Commentary on Bence Nanay, Mental Imagery

Fabrizio Calzavarini, University of Turin

Bence Nanay’s Mental Imagery (OUP) is an impressive work that provides a comprehensive neurofunctional exploration of the idea that mental imagery is “perceptual representation that is not directly triggered by sensory input” (p. 4). Bence’s ability to combine sophisticated philosophical analyses with careful discussion of a huge amount of empirical data is absolutely remarkable, and, without a doubt, this book is one of the most important contributions to the study of this topic in recent years and beyond. I was lucky to have the opportunity to discuss this book with Bence at the final conference of his ERC project in Antwerp (short paper here). In this short commentary I would like to reiterate the point made in that occasion.

Bence’s definition of multimodal mental imagery –where perceptual representations in one modality are triggered by stimulation in another –requires a way to distinguish sensory modalities in the human brain, as Bence himself admits (p. 100). Without such a distinction, it becomes difficult to determine whether an instance of mental imagery is truly multimodal or simply an activation of a more modality-independent representation. In my opinion, this might not be an easy task to accomplish.

The traditional model of perception assumes that sensory modalities are neuroanatomically distinctvision in the occipital cortex, audition in the temporal cortex, touch in the somatosensory cortex, etc. In some of my previous work (Calzavarini 2024a, 2024b, 2025), including a target paper for commentaries (here), I have claimed that this model might be obsolete. Recent research in the neuroscience of perception has shown that most of the putative early modality-specific regions of the brain (e.g., “visual” regions such as LOC, hMT+/V5, FFA, PPA, as well as significant parts of the “auditory”, the “motor”, and the “limbic” cortex) appear to be supramodal in nature – that is, they can process specific information (e.g., shape, motion, frequency) in multiple sensory modalities and in both normal and sensory-deprived individuals. Even primary sensory areas appear to show supramodal responses; V1, for instance, is activated in spatial processing via touch and audition in blind individuals. According to a strong or global interpretation of these data, the entire human brain has a metamodal (Pascual—Leone & Hamilton 2001), supramodal (Ricciardi et al. 2014) or task-specific and modality-invariant organization (Heimler et al. 2015).

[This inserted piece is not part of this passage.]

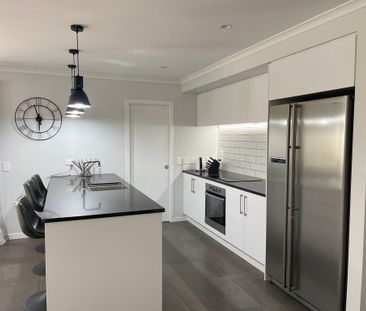 Executive Four Bedrooms in Papamoa - Papamoa - Photo 3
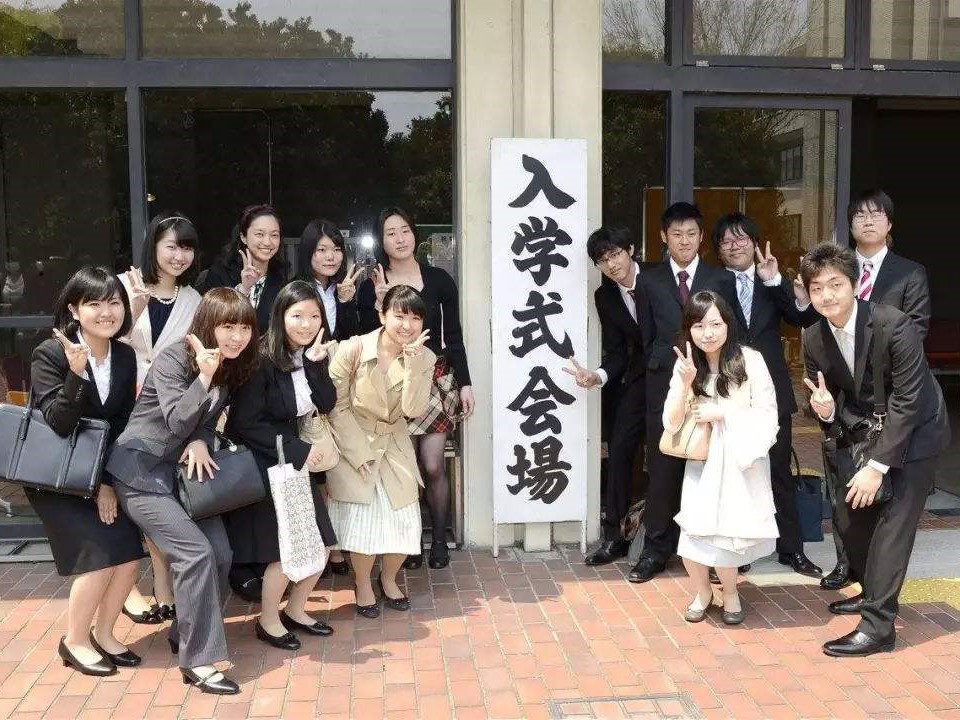 想日本留学但高考成绩不好？没关系！有这些成绩就够啦！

Although caution is needed for various reasons, this undoubtedly complicates the attempt to sort the senses at the neural level. Bence seems to be aware of this difficulty. In chapter 14, he explicitly rejects a neuroanatomical criterion for distinguishing sensory modalities, arguing that brain plasticity allows sensory areas to be repurposed after sensory deprivation—for example, occipital areas in blind individuals processing touch and audition instead of vision (pp. 100-101).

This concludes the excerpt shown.